Nach eigenen Angaben haben die Taliban bis zu 10.000 Kämpfer zusammengezogen, um in den kommenden Monaten die Lage in Afghanistan zu destabilisieren, die Autorität der afghanischen Regierung zu unterminieren und erneut ein fundamentalistisches Regime zu errichten.
Die deutsche Bundesregierung verfolgt deswegen einen vernetzten, zivil-militärischen Ansatz um gegen den Terror der Taliban vorzugehen und hat bereits eine Diskussion angestoßen, wie die Strategie zur Stabilisierung der Lage in Afghanistan weiter entwickelt werden sollte. Dabei muss es um einen politischen Gesamtansatz gehen, der den zivilen Wiederaufbau und die zivil-militärische Kooperation verstärkt. Für diese Absicht hat die Bundesregierung viel Zustimmung von den Verbündeten erhalten.
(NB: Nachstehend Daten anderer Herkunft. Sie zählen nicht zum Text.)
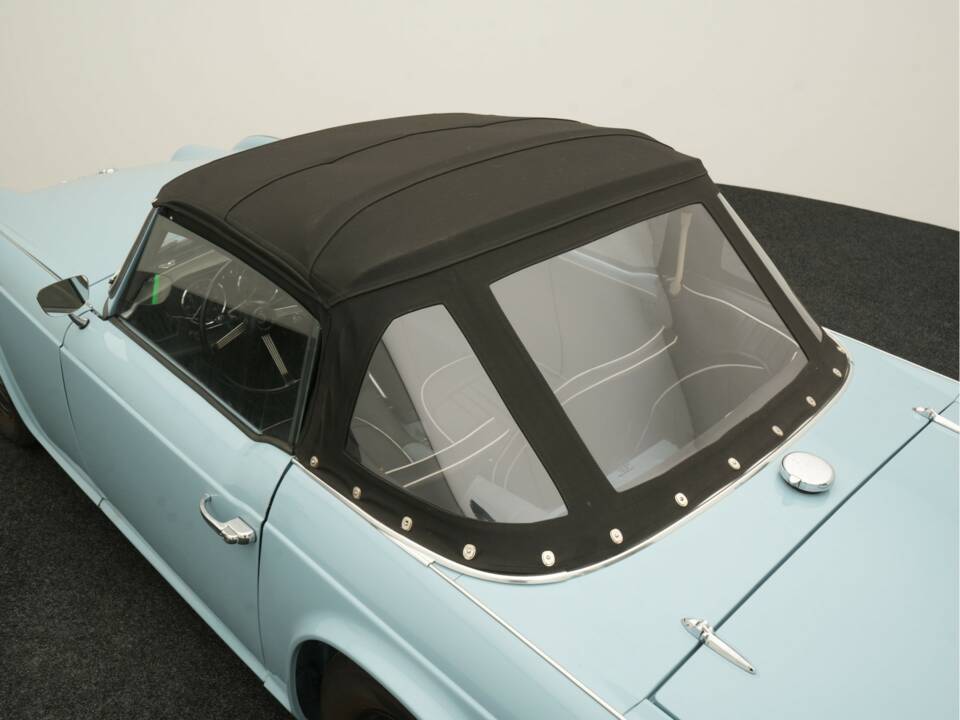Bild 19/24 von Triumph TR 4A (1965)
Afghanistan ist eines der ärmsten Länder der Welt. Mehr als die Hälfte der Menschen sind unterernährt, weit mehr als die Hälfte lebt unterhalb der Armutsgrenze, sehr viele in extremer Armut. Besonders Frauen und die ländliche Bevölkerung sind betroffen. Noch immer ist die Analphabetenrate sehr hoch. Mohnanbau und Opiumhandel machen 35 bis 40 Prozent der afghanischen Wirtschaft aus. Die staatlichen Institutionen und Strukturen funktionieren bisher kaum und der Staat verfügt über viel zu wenig eigene Einnahmen, um seinen Aufgaben gerecht werden zu können.
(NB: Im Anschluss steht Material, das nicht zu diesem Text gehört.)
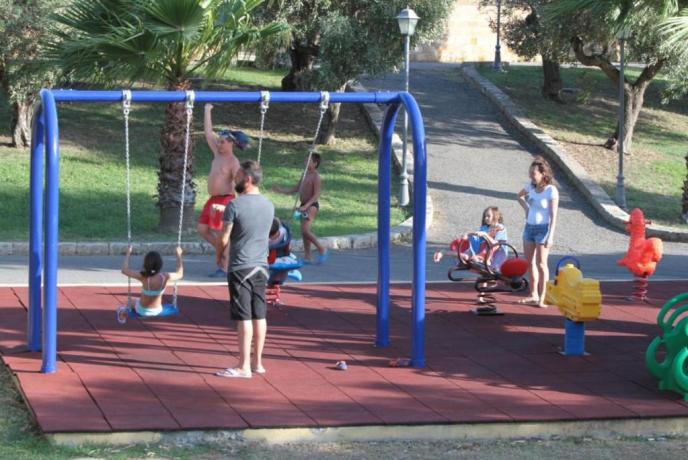 Area giochi bambini nel villaggio 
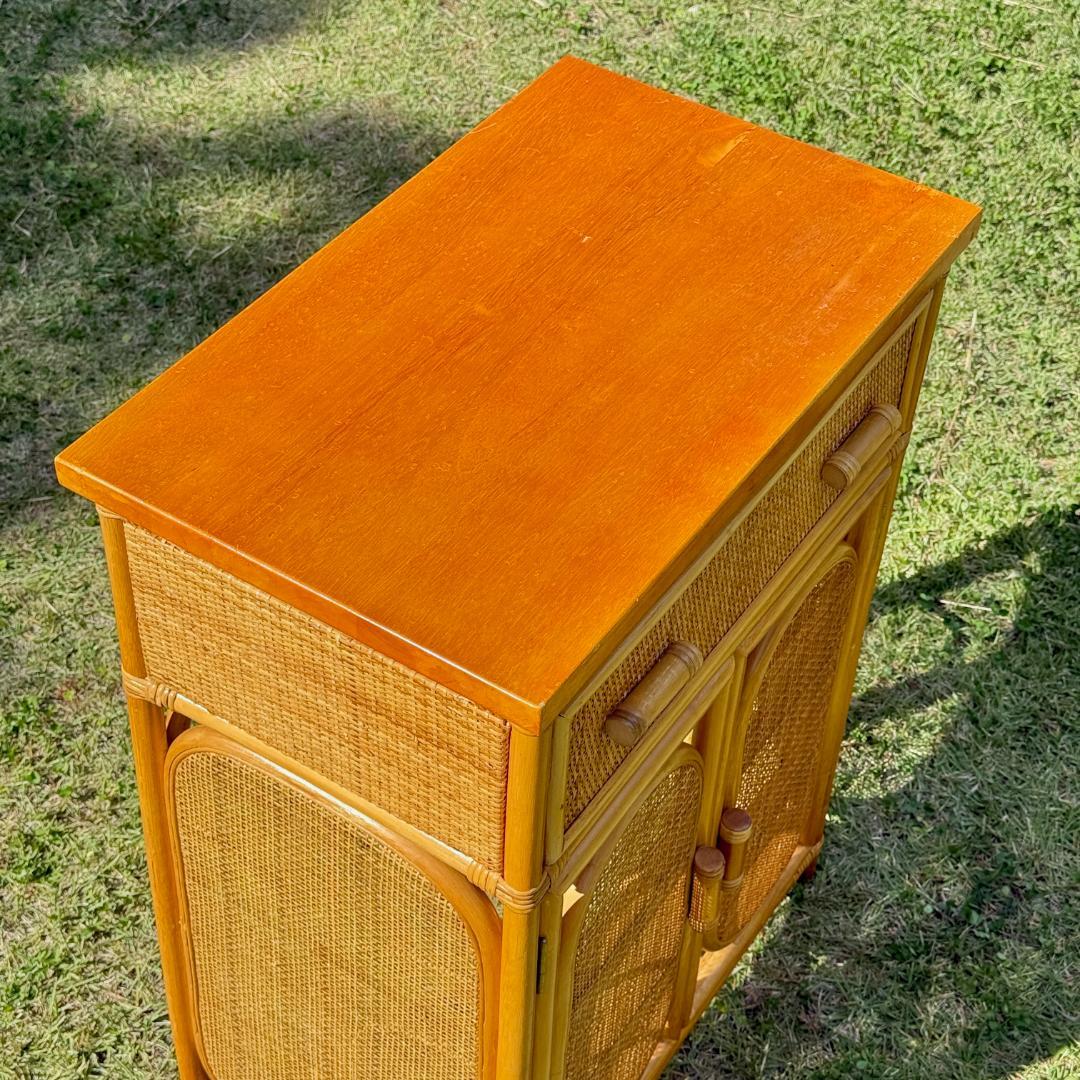 ビンテージ　オールドラタン　キャビネット　ランドリーラック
Die deutsche Entwicklungszusammenarbeit zielt deshalb auf den Aufbau und die Stärkung der staatlichen Strukturen und der Leistungsfähigkeit der Zivilgesellschaft. Die Bundesrepublik hat Afghanistan daher für den Zeitraum von 2002 bis 2007 pro Jahr 80 Millionen Euro zugesagt. Davon entfallen mehr als 50 Millionen Euro jährlich speziell auf den Bereich der Entwicklungshilfe. Einschließlich weiterer Mittel wird Afghanistan von der Bundesregierung Leistungen im Wert von mehr als 725 Millionen Euro erhalten. Ferner hat Deutschland Afghanistan Schulden im Wert von 34,38 Millionen Euro erlassen.
Schwerpunkte bei der Entwicklungsarbeit liegen hierbei im Bereich der Energieversorgung, der städtischen Wasserversorgung, der Verbesserung der wirtschaftlichen Rahmenbedingungen und ganz besonders bei der Verbesserung der Grundbildung.
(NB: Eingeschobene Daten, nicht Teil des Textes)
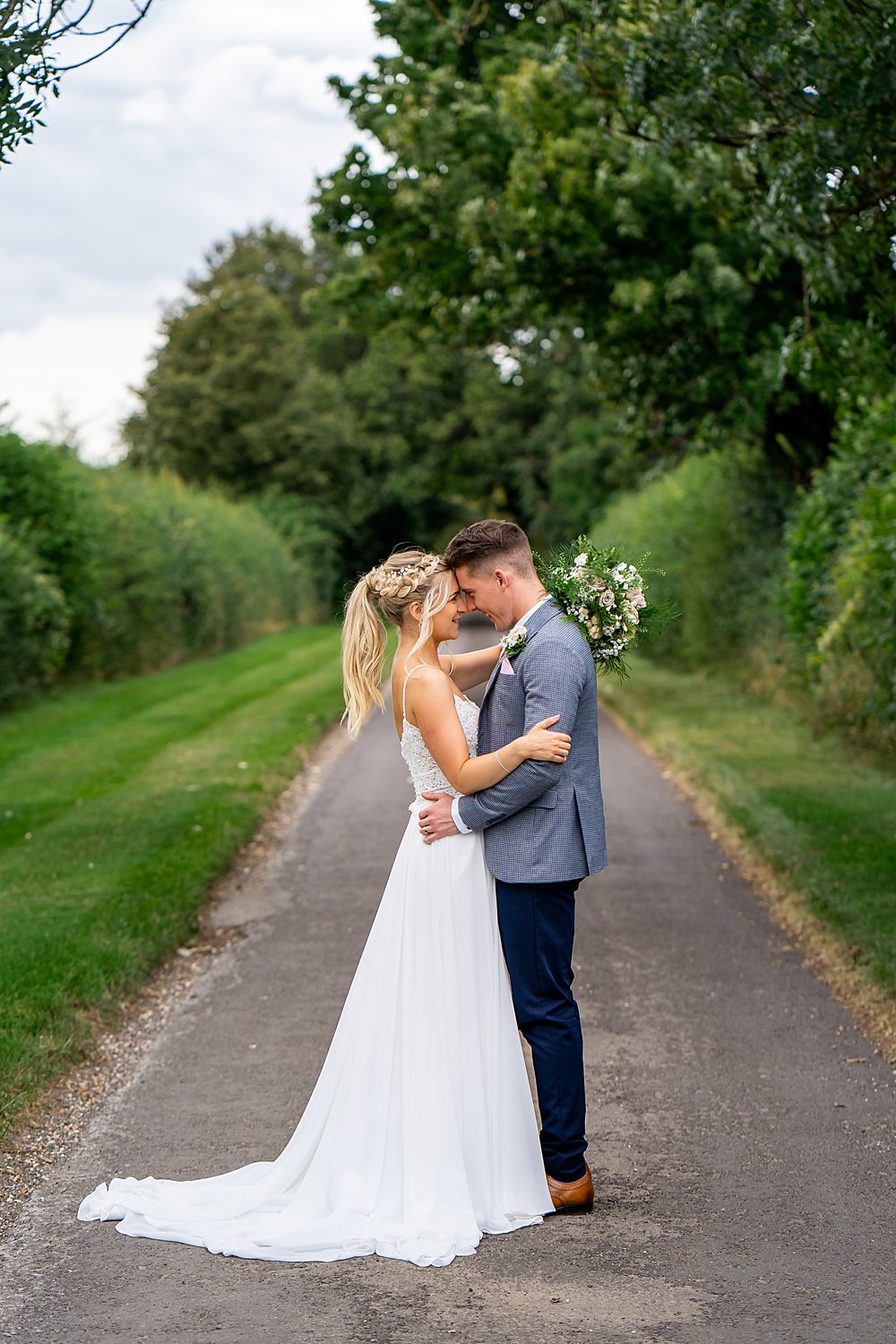 Stylish Rustic Wedding Mia Photography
Das afghanische Bildungssystem wurde in mehr als 20 Jahren Taliban-Herrschaft regelrecht zerstört. So sind heute etwa 57% der Männer und 86% der Frauen Analphabeten. Deshalb ist für die deutsch-afghanische Entwicklungsarbeit die Förderung der Grundbildung mit 12 Millionen Euro unerlässlich.
Politisch setzt sich Deutschland in der internationalen Politik weiterhin für den Aufbau von Afghanistan ein. So hat die Bundesregierung 2001 in Petersberg eine große Konferenz initiiert, auf der mit den bedeutendsten politischen Gruppen, mit Ausnahme der Taliban, über die Zukunft des Landes beraten wurde. Auf den beiden Geberkonferenzen, die 2002 in Tokio und 2004 in Berlin stattgefunden haben, wurden von der internationalen Gemeinschaft etwa 13 Milliarden US-Dollar für den Wiederaufbau bereitgestellt.
Diese Entwicklungspolitik will die Bundesregierung weiterhin fördern. Um der Bevölkerung Sicherheit zu gewährleisten, ist auch eine militärische Unterstützung notwendig. Beim Besuch des afghanischen Staatspräsidenten Hamid Karzai hat sich dieser ausdrücklich für den Tornado-Einsatz der deutschen Bundeswehr ausgesprochen. Deswegen kann ich den Tornado-Einsatz der Bundeswehr guten Gewissens vertreten, auch wenn ich bei der Abstimmung leider nicht teilnehmen konnte.